Friday, October 25, 2013

Dexter, Lorde, an Assessment of My Ever-Changing Feelings, and Other Stuff That's Caught My Wavering Attention Lately



I've been struggling a lot lately transcending rejection and failure. So often, I get hung up on shit that I can't control. I let things fester when I just need to put my big-boy pants on and move on. I'm far too young to slow down. I'm smart enough to know that things don't always work out- it's a part of life. I can't have everything I want in life. I'm so selfish... I have so much. I mean, I'm a privledged, smart, white kid in America. My life could be sooooo much worse. I don't like being human sometimes. It's such a drag. I've been watching Showtime's Dexter which (for those of you who don't know) follows a sociopathic blood-splatter analyst who uses his serial-killing urges for good by finding and killing evil people. He constantly struggles with understanding human emotion and pain because he cannot feel it. That sounds so appealing- to separate oneself from the emotional drags that poison humanity.

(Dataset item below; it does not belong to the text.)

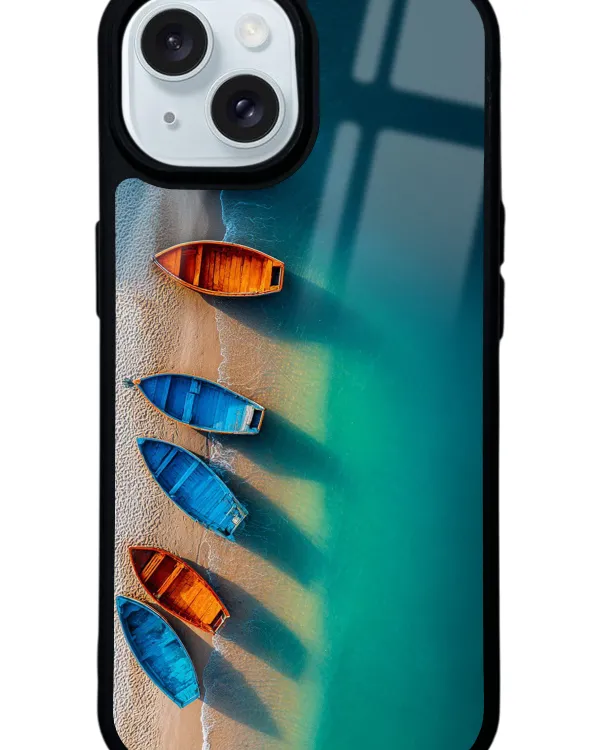 Azure Drift Glossy Telefon Kılıfı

I wish I couldn't feel it sometimes. Perhaps it would be better... perhaps not. Everything seems so futile. I'm a depressing person I know. Sorry, I'd just rather share my heart online then the falsities that so often take front and center in our conversations. 

I think Lorde was right when she asked, "Don't you think that it's boring how people talk?" . All conversation becomes dull sometimes though. I can have a conversation with someone and think it meaningful and then have the same conversation in an entirely different state of mind and find it meaningless. I think I just need to try harder- at school, at work, in relationships, in friendships, in social settings, in everything. Who knows? That's the most unanswerable question in the world. 

I'm rambling. I'm going to occupy my mind with some schoolwork or something before it spins out of control.